Greene can handle the market share problem. Even though Google commands only 4 percent of the industry's revenue, based on data from Synergy Research Group, the pie is quickly growing. According to Gartner, the cloud infrastructure market will climb 31 percent a year to $61.9 billion in 2020, up from $16.3 billion in 2015.
In Greene's corner is an engineering juggernaut like none other, a company in parent Alphabet stuffed with $75 billion in cash, a $10 billion annual capital expenditure budget and a vast network of highly sophisticated data centers.
Open source projects, big data tools, analytics software and artificial intelligence projects are on full display across the sprawling Silicon Valley campus.
Greene likes to geek out on subjects like Kubernetes, Google's open-source container technology unveiled in 2014 to help developers scale, deploy and tweak their applications across machines and clouds. It's GCP's fastest growing product.
"Customers love that we're so committed to open source and open APIs," Greene said. Application program interfaces, or APIs, are a way for companies to let outside developers easily access their technology.
Read MoreWall Street's ongoing struggle to make sense of the cloud
Pushing back against Google's cloud momentum is a deep skepticism over whether a company that generates 90 percent of its revenue from placing ads in search results, YouTube videos and mobile apps, can win the hearts, minds and wallets of the enterprise.

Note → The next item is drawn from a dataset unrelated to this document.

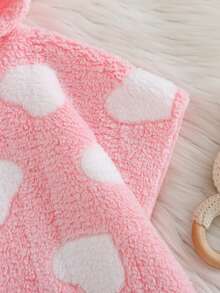 Cozy Pixies Bata de baño con capucha para bebé niña, de franela absorbente, linda y cómoda, apta para otoño/invierno, manta para diversas estaciones y ocasiones como baño y playa - Rosa Pálido - Ver 7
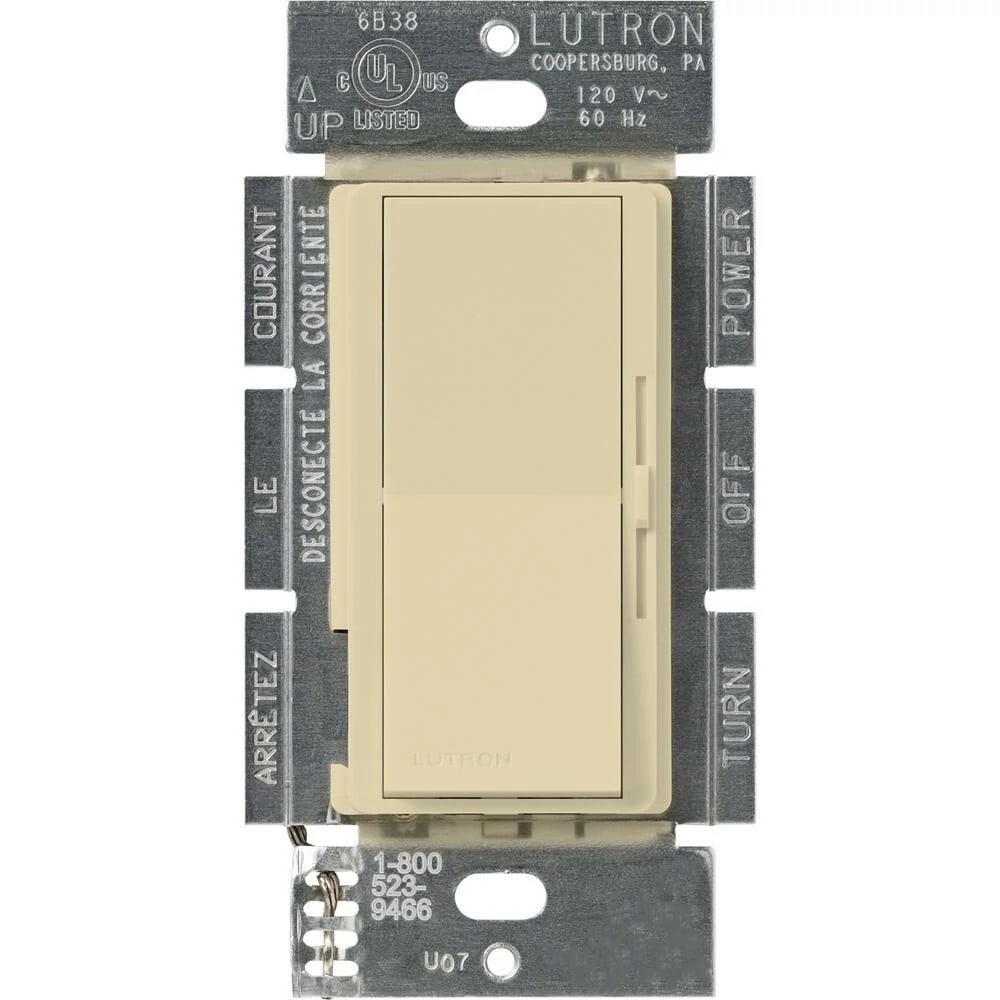 Lutron Diva 3-Speed 1.5A Fan Control, Single-Pole/3-Way, Ivory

Google, let's not forget, is built on giving stuff away to consumers in return for their personal data. Tracking users' whereabouts, behaviors and preferences enable the company to target you with relevant ads in search results and all over the web and establish deep pattern recognition to predict what you want based on how people with similar attributes act.
How can that very same company be trusted to lock down a corporation's most sensitive data — contracts, business relationships, intellectual property — so that its key assets are inaccessible to anyone, including Google?